Artificial intelligence and machine learning can deliver amazing insights out of the reach of human analysts, and do so in subseconds. However, the trustworthiness of the insights delivered may be questionable – and even do harm to individuals and companies. That’s because AI’s “intelligence” is limited by the data which it ingests. A bare majority of executives acknowledge this, and few are actually taking active measures to ensure the viability and validity of the data that is fed into their AI models. Hence, the importance of data quality.

That’s the word from Appen, which, in conjunction with The Harris Poll, released the results of a survey of 504 IT executives, which finds 51% of participants agree that data accuracy is critical to their AI use case. To successfully build AI models, organizations need accurate and high-quality data. There is a significant gap in ideal versus reality in achieving data accuracy. “The problem is, many are facing the challenges of trying to build great AI with poor datasets, and it’s creating a significant roadblock to reaching their goals,” the survey’s authors state.

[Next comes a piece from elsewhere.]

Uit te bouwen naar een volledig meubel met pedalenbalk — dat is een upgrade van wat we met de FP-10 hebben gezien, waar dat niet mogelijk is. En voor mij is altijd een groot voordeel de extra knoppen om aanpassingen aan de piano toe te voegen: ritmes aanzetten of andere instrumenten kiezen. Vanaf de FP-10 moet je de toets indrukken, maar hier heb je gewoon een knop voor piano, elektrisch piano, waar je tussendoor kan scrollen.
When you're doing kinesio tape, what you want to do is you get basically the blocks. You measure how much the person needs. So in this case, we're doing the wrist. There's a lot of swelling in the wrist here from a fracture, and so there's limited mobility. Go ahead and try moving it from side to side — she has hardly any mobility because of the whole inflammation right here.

The majority (88%) feel their organization has the necessary internal resources in place to manage data across each stage of AI development – from sourcing to training. However, 42% of technologists find the data-sourcing stage of the AI lifecycle “very challenging.” Business leaders aren’t quite as concerned about the data sourcing challenge – only 24% see this as an issue. “This shows there are still gaps between technologists and business leaders when understanding the greatest bottlenecks in implementing data for the AI lifecycle,” the authors state. “This results in misalignment in priorities and budget within the organization.”

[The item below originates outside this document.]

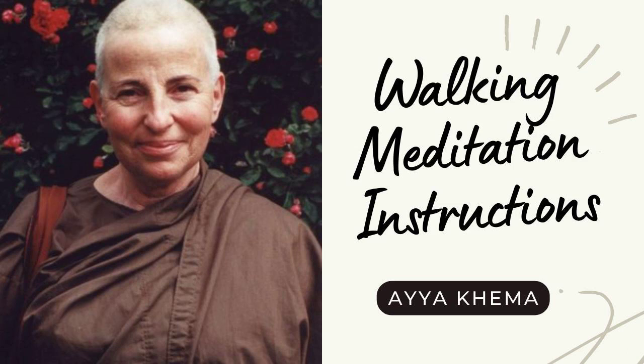We keep the eyes open and down — they go automatically in front of the feet. If we look directly at the feet, that's distracting. And if we keep them up and look around, it's also distracting because there's always something to see. The hands should be clasped together in front or in back of the body so that they don't dangle about, which is also distracting.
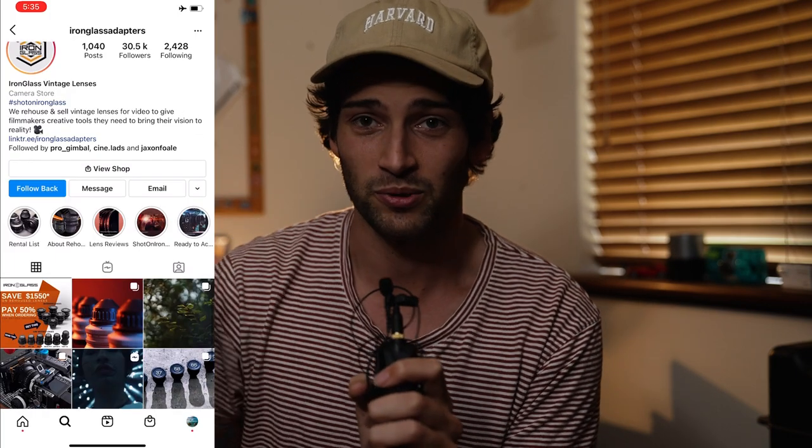Three months after shooting with those, up rose my perfectly formulated Instagram algorithm to present to me Iron Glass — rehoused Soviet lenses. This resulted in my second purchase of alternative lenses, this time rehoused vintage lenses. I think it was around $4,000 Australian dollars, maybe just over. It came with a really cool case as well, which they didn't even charge me for because I bought three and gave them lots of money. I couldn't be more stoked with these, and today I'm going to tell you why I bought them for a specific vintage look — it felt like the only thing missing from my kit.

See also: Data Engineers Spend Two Days Per Week Fixing Bad Data

There’s an urgency to achieving greater quality in data being fed into AI systems. More business leaders and technologists are focusing on improving the data quality behind AI projects in order to promote more inclusive datasets to take bias out of AI results. In fact, 80% of respondents stated data diversity is extremely important or very important, and 95% agree that synthetic data will be a key player when it comes to creating inclusive datasets.

The survey covered five key stages of AI data management:

Quality: “Business leaders and technologists report a gap in the ideal versus the reality of data accuracy. More than half of respondents say data accuracy is critical to the success of AI, but only 6% reported achieving data accuracy higher than 90%.

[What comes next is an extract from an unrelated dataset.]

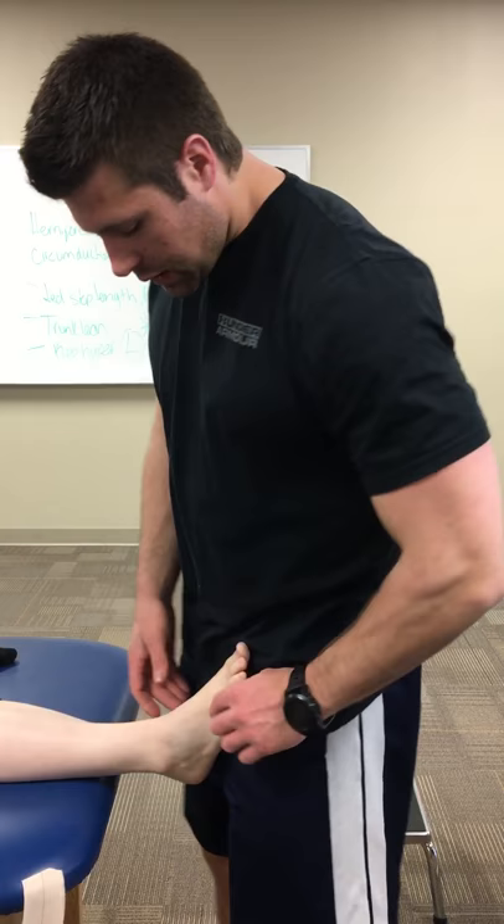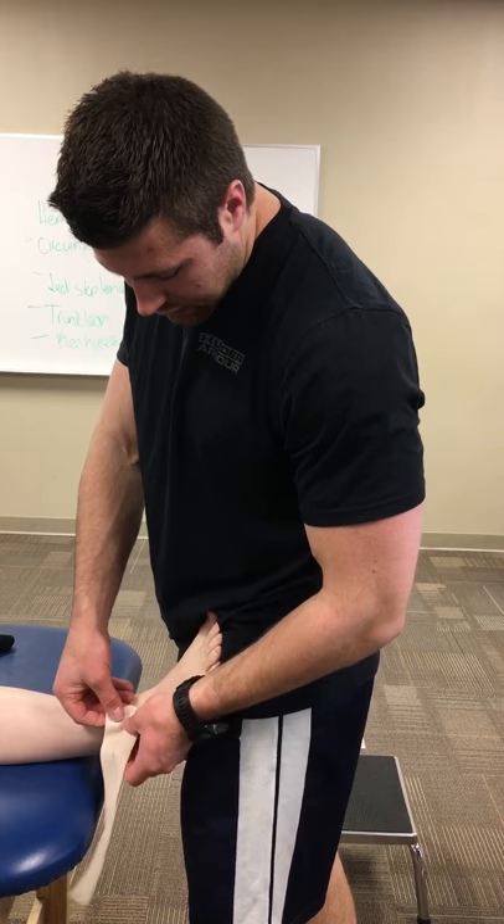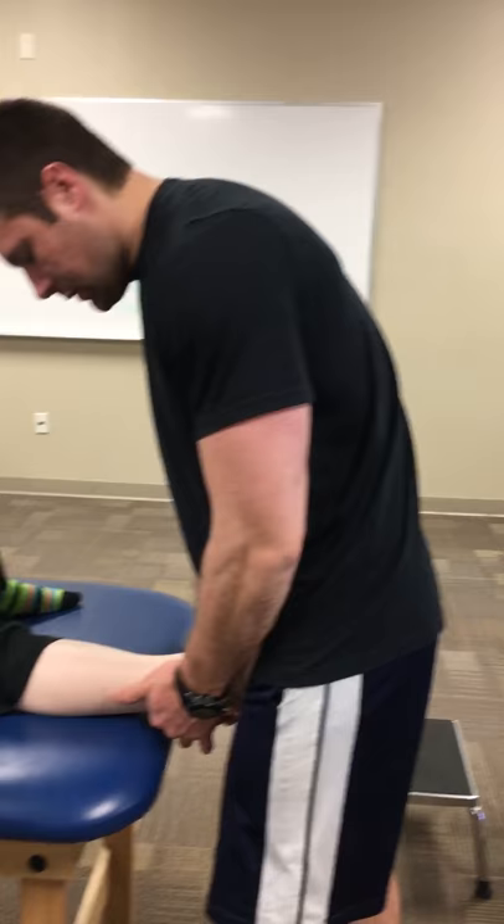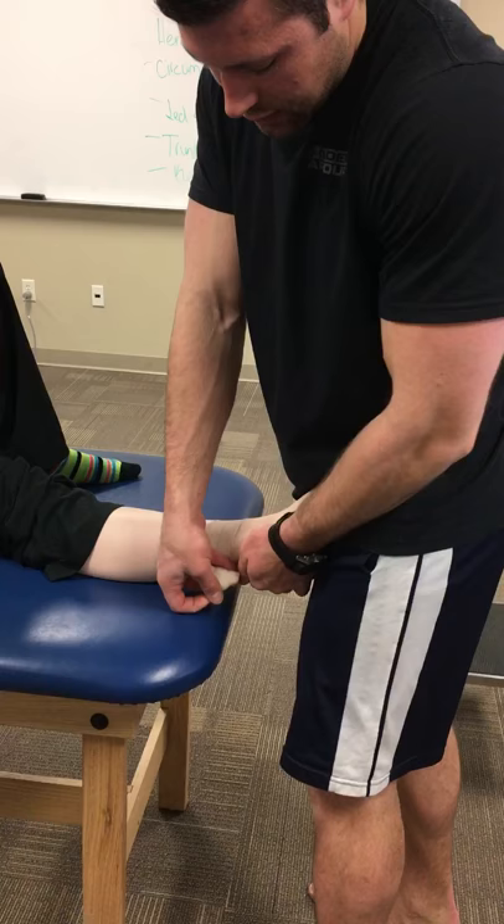You're going to put the tape around the fibular head. While doing so, you want to provide a posterior glide to really make sure that you're getting that fibula back. And then you're essentially just wrapping the tape around. So instead of that fibular head being anterior, we're trying to get it to go posterior.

Evaluation: Maintaining fair and accurate AI requires constant attention to the models being trained with the latest incoming data. At least 90% are retraining their models more than quarterly, the survey finds. “AI will not be replacing humans any time soon,” the survey’s authors state. There’s a strong consensus around the importance of human-in-the-loop machine learning with 81% stating it’s very or extremely important and 97% reporting human-in-the-loop evaluation is important for accurate model performance.

Adoption: Uncertainty reigns as to whether businesses are catching up with AI. Business leaders are split down the middle on whether their organization is ahead of (49%) or even with (49%) others in their industry. Technologists are equally split on whether their organization is ahead or even with others in their industry.

Ethics: Responsible AI is the foundation of all AI projects. 93% of respondents agree that responsible AI is a foundation for all AI projects within their organization.

“As a data optimist, I believe the data revolution has the potential to bring immeasurable benefits to people in ways that are only beginning to become apparent,” says Erik Vogt, vice president of enterprise solutions at Appen. “But with this emerging power, comes the potential for harm from abuse or misuse of data, often carelessly or unintentionally. At its core I feel that data ethics is fundamental to our core sense of trust and integrity in, and for, ourselves, as well as in the technology we interact with.”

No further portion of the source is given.